If you would like a more fruitful pairing of this story (all 15 verses) with a Gospel text, James Alison has a great one in Raising Abel, pp. 160ff., where he pairs it with Mark 16. When Sarah hears the promise, she laughs; and when God questions her about it, she lies because “she was afraid” (the Greek Septuagint: ephobethe gar). When the women at the empty tomb are confronted with the promise, they didn’t tell anyone for they were afraid (Gr: ephobounto gar). He uses this pairing to begin a discussion of Christian hope: “I want to focus on this because there is nothing pretty about Christian hope. Whatever Christian hope is, it begins in terror and utter disorientation in the face of the collapse of all that is familiar and well known.” [p. 161] To give you one other crucial paragraph from this chapter as a follow-up:
In the light of all this we can begin to understand Christian hope as an unexpected rupture in the system. What do I mean by system? Every system. As humans we all live and inscribe our lives within a series of systems, of games whose rules we know and to which we adapt ourselves to a greater or a lesser extent. By ‘the system’ I mean every way of ours of having a story, of organizing our thinking and acting, every way of forging our lives and of talking about them as something sure. And this system is, for many people, most of the time, quite livable. It is moved neither by great hopes nor shaken by great despairs. However, as I have tried to show throughout these pages, every story, in as far as it is grasped, is a system structured by the murderous lie, whose security depends on some exclusion. That is, every system is dominated and shaded by the definitive impossibility which comes from death, the impossibility of moving the stone. [pp. 173-174]

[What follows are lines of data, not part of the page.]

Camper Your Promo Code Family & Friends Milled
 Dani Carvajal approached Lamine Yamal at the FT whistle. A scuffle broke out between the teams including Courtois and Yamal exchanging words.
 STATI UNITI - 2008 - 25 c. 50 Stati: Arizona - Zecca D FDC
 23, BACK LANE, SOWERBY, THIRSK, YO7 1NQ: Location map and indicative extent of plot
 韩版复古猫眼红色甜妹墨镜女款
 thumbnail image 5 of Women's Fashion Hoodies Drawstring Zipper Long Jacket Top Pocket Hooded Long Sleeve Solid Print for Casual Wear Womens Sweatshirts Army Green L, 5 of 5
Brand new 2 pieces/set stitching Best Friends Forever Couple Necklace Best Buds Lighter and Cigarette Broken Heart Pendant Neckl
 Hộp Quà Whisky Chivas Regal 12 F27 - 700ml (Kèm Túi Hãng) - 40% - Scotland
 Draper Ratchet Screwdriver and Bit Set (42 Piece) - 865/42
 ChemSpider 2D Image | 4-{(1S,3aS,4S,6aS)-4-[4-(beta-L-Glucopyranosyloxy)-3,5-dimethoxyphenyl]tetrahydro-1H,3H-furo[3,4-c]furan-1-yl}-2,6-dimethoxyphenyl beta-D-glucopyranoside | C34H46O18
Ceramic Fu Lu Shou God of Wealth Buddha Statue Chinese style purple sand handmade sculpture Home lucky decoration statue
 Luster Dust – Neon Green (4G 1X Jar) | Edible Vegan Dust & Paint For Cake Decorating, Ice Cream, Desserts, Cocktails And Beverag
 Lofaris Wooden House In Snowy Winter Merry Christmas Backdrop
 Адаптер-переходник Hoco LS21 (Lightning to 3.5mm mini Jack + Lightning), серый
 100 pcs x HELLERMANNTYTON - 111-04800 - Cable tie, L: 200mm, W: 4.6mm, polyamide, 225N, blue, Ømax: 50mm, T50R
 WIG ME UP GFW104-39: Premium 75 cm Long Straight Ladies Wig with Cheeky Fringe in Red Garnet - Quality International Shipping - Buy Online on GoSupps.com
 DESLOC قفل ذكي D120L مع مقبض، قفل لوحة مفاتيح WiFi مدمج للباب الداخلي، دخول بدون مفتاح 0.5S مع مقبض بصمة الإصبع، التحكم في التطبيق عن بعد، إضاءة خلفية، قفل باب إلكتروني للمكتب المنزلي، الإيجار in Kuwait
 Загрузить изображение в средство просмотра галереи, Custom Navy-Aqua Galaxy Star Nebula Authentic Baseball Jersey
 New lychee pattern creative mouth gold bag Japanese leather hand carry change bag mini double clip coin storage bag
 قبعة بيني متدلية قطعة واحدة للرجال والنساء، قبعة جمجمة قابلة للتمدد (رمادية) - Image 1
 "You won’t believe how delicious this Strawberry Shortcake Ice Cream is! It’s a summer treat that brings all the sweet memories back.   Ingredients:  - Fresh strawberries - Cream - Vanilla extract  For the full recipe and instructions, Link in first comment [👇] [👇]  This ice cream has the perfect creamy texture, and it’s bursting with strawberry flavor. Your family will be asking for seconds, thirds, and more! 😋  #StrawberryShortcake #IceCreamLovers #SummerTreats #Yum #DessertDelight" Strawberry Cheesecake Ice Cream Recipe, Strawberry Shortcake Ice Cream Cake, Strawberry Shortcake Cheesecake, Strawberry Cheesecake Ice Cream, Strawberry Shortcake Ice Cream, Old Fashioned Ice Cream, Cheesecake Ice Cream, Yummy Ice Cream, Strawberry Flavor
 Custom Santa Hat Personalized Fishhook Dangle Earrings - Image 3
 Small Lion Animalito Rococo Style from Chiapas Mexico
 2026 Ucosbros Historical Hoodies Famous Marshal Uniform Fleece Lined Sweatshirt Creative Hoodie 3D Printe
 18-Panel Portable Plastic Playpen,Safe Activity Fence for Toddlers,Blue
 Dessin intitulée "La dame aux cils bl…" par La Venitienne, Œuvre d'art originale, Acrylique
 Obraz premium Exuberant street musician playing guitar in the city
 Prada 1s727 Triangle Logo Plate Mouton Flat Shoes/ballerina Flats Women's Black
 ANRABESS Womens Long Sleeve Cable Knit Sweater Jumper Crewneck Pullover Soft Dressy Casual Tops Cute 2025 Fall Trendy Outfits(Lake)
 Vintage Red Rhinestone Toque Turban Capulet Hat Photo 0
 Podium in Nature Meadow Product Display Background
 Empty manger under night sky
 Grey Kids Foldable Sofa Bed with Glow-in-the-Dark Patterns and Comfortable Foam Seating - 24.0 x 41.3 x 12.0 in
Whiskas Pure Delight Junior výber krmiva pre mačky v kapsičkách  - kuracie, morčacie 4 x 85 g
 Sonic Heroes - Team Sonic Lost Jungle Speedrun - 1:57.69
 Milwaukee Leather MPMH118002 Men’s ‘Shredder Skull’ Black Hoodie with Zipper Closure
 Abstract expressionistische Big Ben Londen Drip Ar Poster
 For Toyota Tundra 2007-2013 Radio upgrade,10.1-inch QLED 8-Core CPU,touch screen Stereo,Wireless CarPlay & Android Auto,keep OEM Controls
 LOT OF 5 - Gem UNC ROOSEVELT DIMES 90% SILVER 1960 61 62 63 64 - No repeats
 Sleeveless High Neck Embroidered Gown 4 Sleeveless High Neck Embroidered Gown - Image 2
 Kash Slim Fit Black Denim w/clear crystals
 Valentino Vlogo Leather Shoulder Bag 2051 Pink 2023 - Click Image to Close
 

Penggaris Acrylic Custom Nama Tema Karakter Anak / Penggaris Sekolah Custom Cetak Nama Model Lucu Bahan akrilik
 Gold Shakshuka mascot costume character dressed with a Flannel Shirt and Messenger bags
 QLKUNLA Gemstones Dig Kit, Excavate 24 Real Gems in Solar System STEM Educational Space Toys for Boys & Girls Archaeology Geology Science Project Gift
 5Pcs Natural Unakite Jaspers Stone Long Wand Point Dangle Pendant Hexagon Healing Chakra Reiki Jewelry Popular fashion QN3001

1. James Alison, The Joy of Being Wrong, pp. 94-102. He cites Col. 1:15-20 as one of the basic NT sources that developed the idea of a pre-existent Christ who was part of the divine creativity, a Creation in Christ. The latter is another understanding that came about because of the resurrection.
Girard’s anthropology recasts our understanding of myths. Creation myths actually tell the story of how a society was founded, of how order was brought out of the chaos (i.e., a sacrificial crisis). Christ demythologizes those myths with the creation of God’s culture around the self-giving victim. I’ll let Alison explain:
***** Excerpt from Alison’s The Joy of Being Wrong *****
…I am speaking of a simultaneous recasting of the two understandings: that of the resurrection of the dead, and that of creation, in the light of the same understanding: the intelligence of the victim. Thus, in the resurrection accounts of Jesus there has disappeared the element of a divine vindication of Jesus over against his enemies. Jesus’ resurrection is not revealed as an eschatological revenge, but as an eschatological pardon. It happens not to confound the persecutors, but to bring about a reconciliation. God is revealed as not partisan, not interested in vindicating any particular group over against its enemies. Rather God is revealed as the self-giving victim of the remaining victimizing tendency of even the chosen people, thus permitting the definitive demythologization of God. God, completely outside human reciprocity, is the human victim. The Father is the origin of the self-giving of the human victim. Thus, far from creation having anything to do with the establishment of an order, what is revealed is that the gratuitous self-giving of the victim is identical with, and the heretofore hidden center and culmination of, the gratuitous giving that is the creation. There is no Christian perception of creation which is not forged through the intelligence of the victim, and principally by the gratuitous self-giving which underlies, and makes possible that intelligence.This means, of course, that when we speak of creation we are not speaking in the first place of the process by which things came, or come, to be. That description is proper to scientists, especially when they are not limited in their empirical observation by the hidden filters of pagan theological notions (normally held implicitly and unconsciously). It means that when we speak of creation we are speaking of a relationship, a relationship of purely gratuitous giving, without motive, with no second intentions, with no desire for control or domination, but rather a gratuity which permits creatures to share gratuitously in the life of the creator. The relation of gratuity is anterior to what is and has ever been. This perception, the perception that the giving in gratuity is anterior to what is, was made possible by the presence to the disciples of the crucified-and-risen victim, whose self-giving was thus seen to be the way in which creation is a reflection of God: it was the intelligence of the victim that opened up for them the structure of the universe. [pp. 98-99]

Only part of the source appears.